- _Required action_: Only the lines from the one containing "Voucher Orange TV 250 Ribu" through the final line below belong in the output, copied exactly and without pictures.

- _Provided information_:
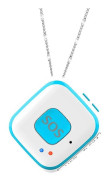 V28 Halsband GSM Mini LBS WiFi AGPS Tracker SOS Kommunikator Blå
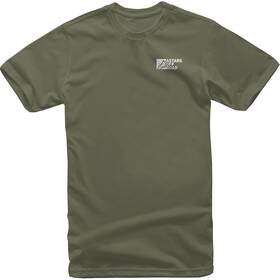 1232-72224690xl Alpinestars Painted T-shirt - Military Green Xl
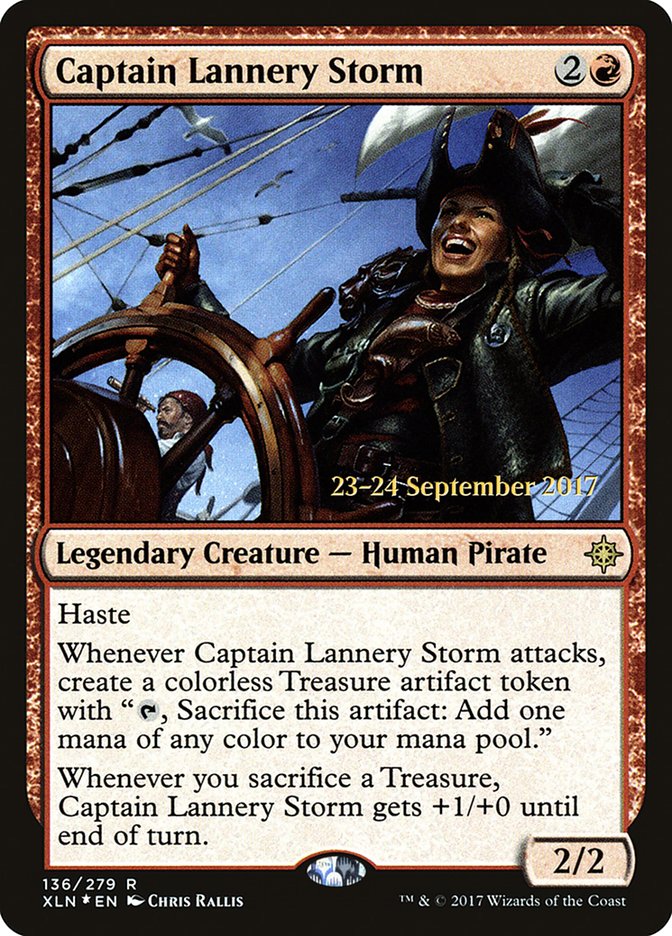 Captain Lannery Storm  [Ixalan Prerelease Promos] | D20 Games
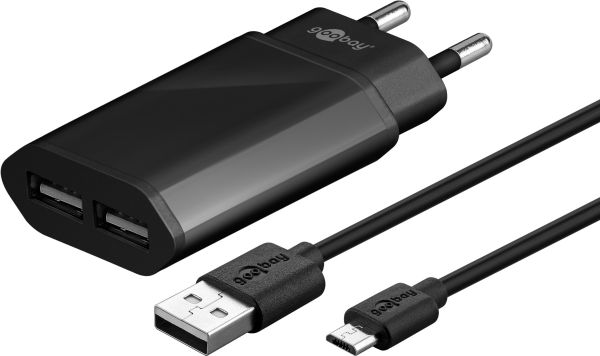 micro USB Ladegerät 2.1A mit micro USB Kabel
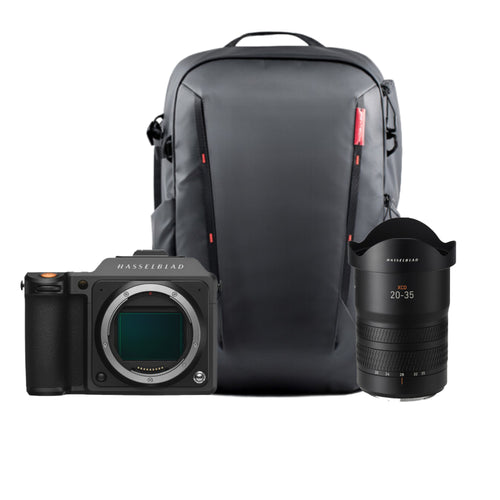 Hasselblad X2D 100C Pro Kit with XCD 20-35mm f/3.2-4.5 and OneMo Lite Backpack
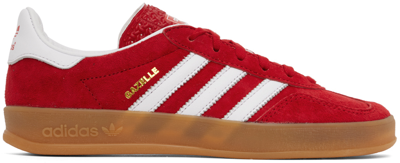 Adidas Originals Adidas Gazelle Indoor Trainers In Red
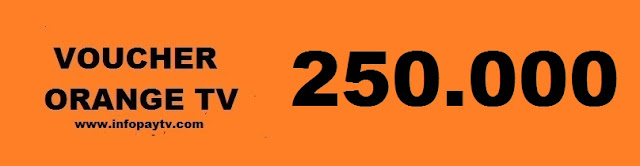 Voucher Orange TV 250 Ribu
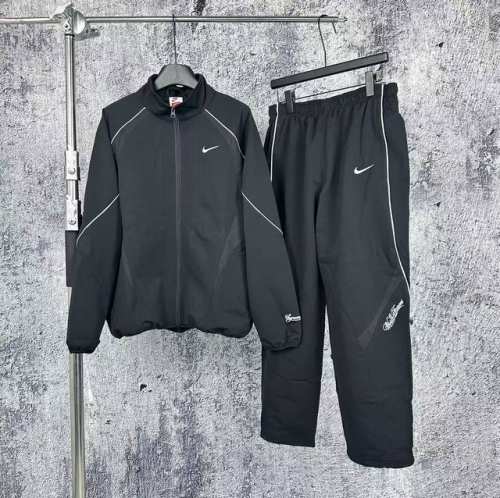1090 挂拍 Supreme X Nike 联名款 Ss25 Week4 Track Jacket 袖口刺绣Logo拉链开合夹克外套 男女同款 原版1：1定做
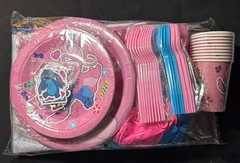 Pink Stich Birthday Decorations Stich Birthday Party Supplies Set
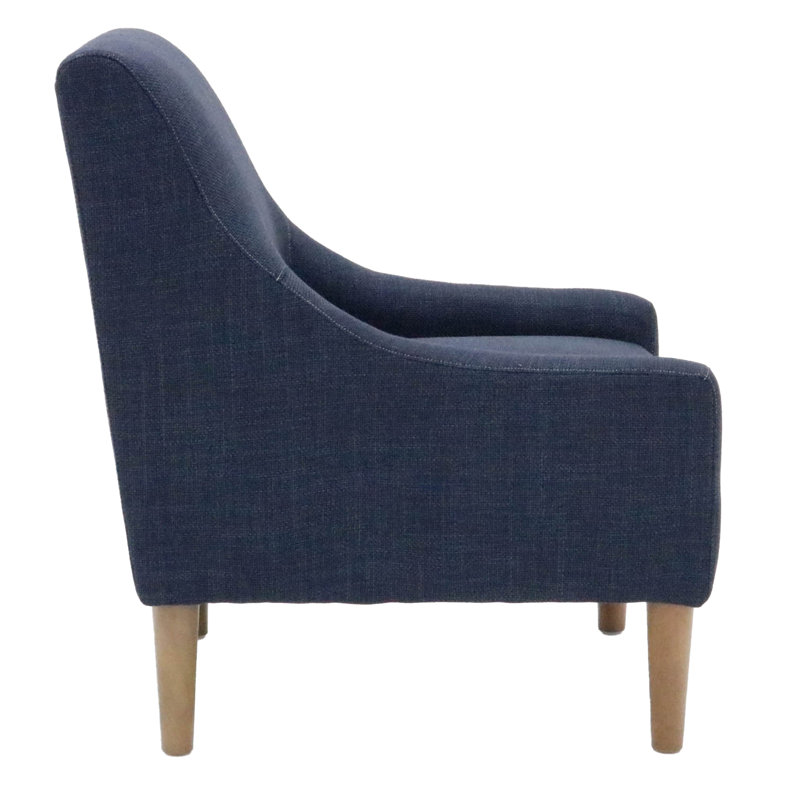 Shea Fabric Upholstered Armchair, Navy Polyester Blend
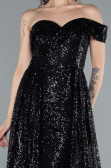 Abendkleid Lang Schwarz ABU4691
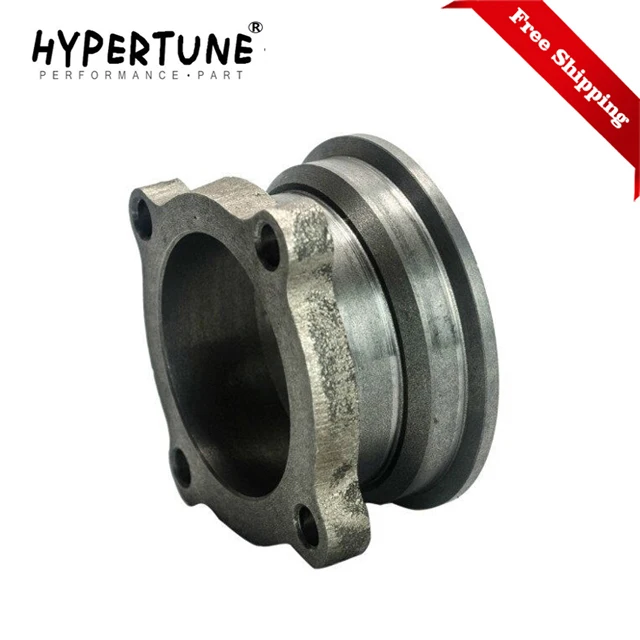 Бесплатная доставка 2 5 &quotдо 3&quot V Band Turbo Downpipe Выпускной фланец адаптер 4 болта конверсионный комплект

- _Result for this exercise_:
 Voucher Orange TV 250 Ribu
1090 挂拍 Supreme X Nike 联名款 Ss25 Week4 Track Jacket 袖口刺绣Logo拉链开合夹克外套 男女同款 原版1：1定做
 Pink Stich Birthday Decorations Stich Birthday Party Supplies Set
 Shea Fabric Upholstered Armchair, Navy Polyester Blend
 Abendkleid Lang Schwarz ABU4691
 Бесплатная доставка 2 5 &quotдо 3&quot V Band Turbo Downpipe Выпускной фланец адаптер 4 болта конверсионный комплект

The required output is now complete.